アレクはすぐに剣筋を切り替えて下から上に振り抜くと相手はかろうじて避けた。しかしアレクはすぐさま追撃する。


また上段から剣を振り下ろすと同じように構えるが相手はもう騙されないと警戒している。


アレクは次に目線のフェイントで剣筋を切り替えるようなフリをすると相手はまんまと引っかかり、慌てて構えを変えた。
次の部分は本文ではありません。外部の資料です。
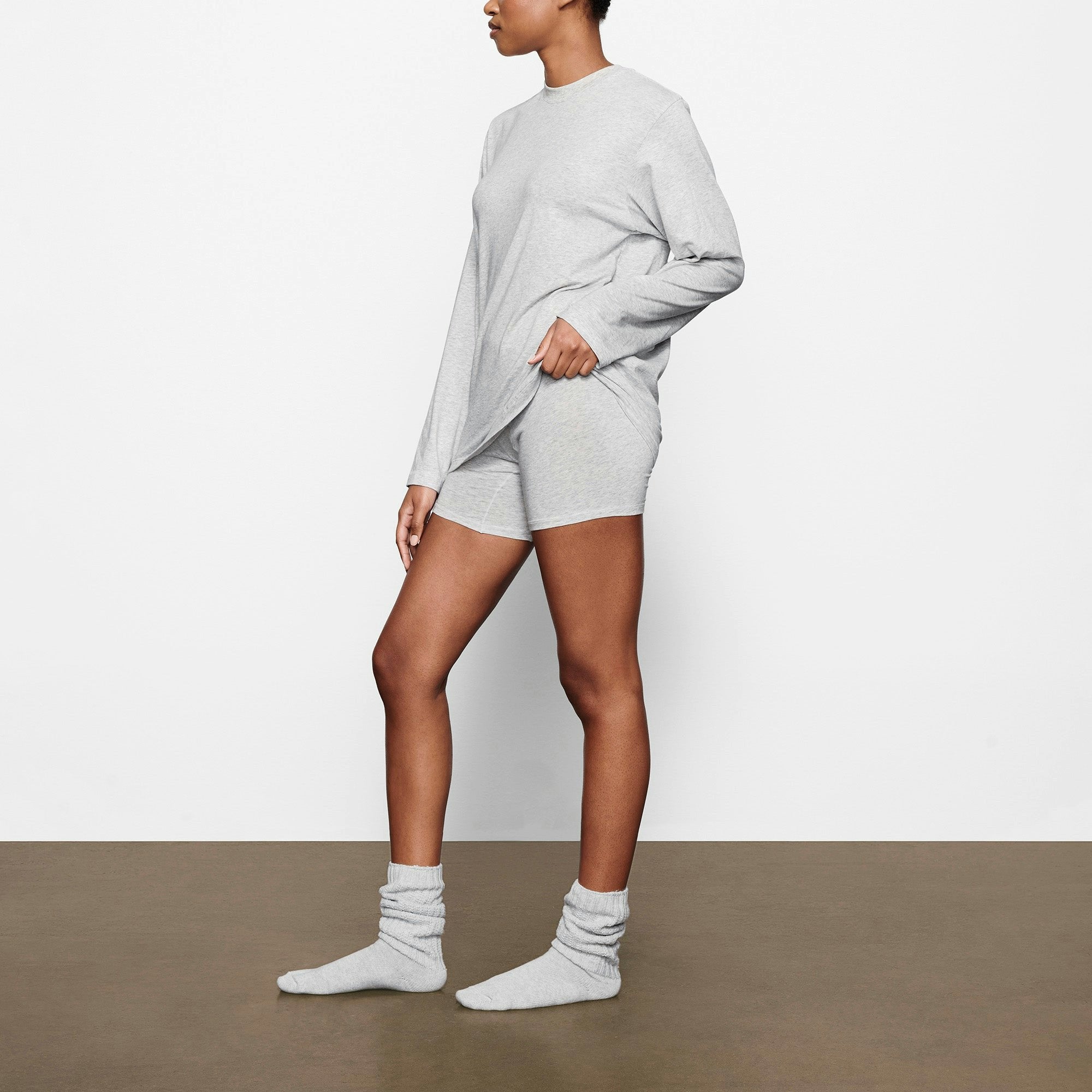 Skims Boyfriend Long Sleeve T-Shirt Light Heather Grey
結局アレクは上段のまま剣を振り下ろすと相手は防御が間に合わず頭上に木剣が強烈な勢いで当たった。


「ア、アレク王子の勝ち!」


アレクは息を吐き、呼吸を整えて次の相手に備える。


サラは関心しながら二人の試合を観ていた。


「サラ!お前の剣筋は正直過ぎて相手に読まれやすい!フェイントを含めた駆け引きができるように私の戦い方を観ておけ!」


アレクがそう言うとサラは涙を流しながら「はい!」と答えた。


次の相手はまたゴツい奴が来た。ただ背が低く固太りタイプの生徒だった。


はじめっ!


ゴツっ!!


「ア、アレク王子の勝ち……」


「す、すごい!」


サラは関心しっぱなしだ。


「次!」


ゴツっ!!


「次」


ドスン!!


「つ、次……」


ドスっ。


最初に強い奴ばかりが出てきたからか後半の相手は大した事がなかった。あっという間に三十人抜きしたアレクを恐れはじめた上級生たちは次誰がでるかで揉め始めるのだった。


そうして最後になってやっとカインが出てきた。


「アレク王子がこんなに出来るとは思いませんでしたよ。ただ、大分お疲れのようですが……、フフ!それでは私が最後にお相手しましょうか!」


カインがそう言うとお互い木剣を構えた。


ちょうどその時、


「アレク様〜♡頑張ってください♡」


アイリーンが授業を終えて見学に来た。


「「アイリーン!!」」


なぜかアレクだけではなくカインまでもがアイリーンの名を呼んだ。


「アイリーン!僕だ!カインだ!もちろん覚えているだろう?」


「んん?どなたですか?」


アイリーンは首をかしげる。


「君とは昔からからよく遊んでいたじゃないか!隣の領地にいた時からよく遊びに来てたカイン兄さんだよ!」


「すみません。あまり小さい頃のことは覚えていないので」


カインはショックで項垂れる。


「アレク様頑張ってくださいね♡」


アイリーンは誤魔化すかのようにニコリと笑った。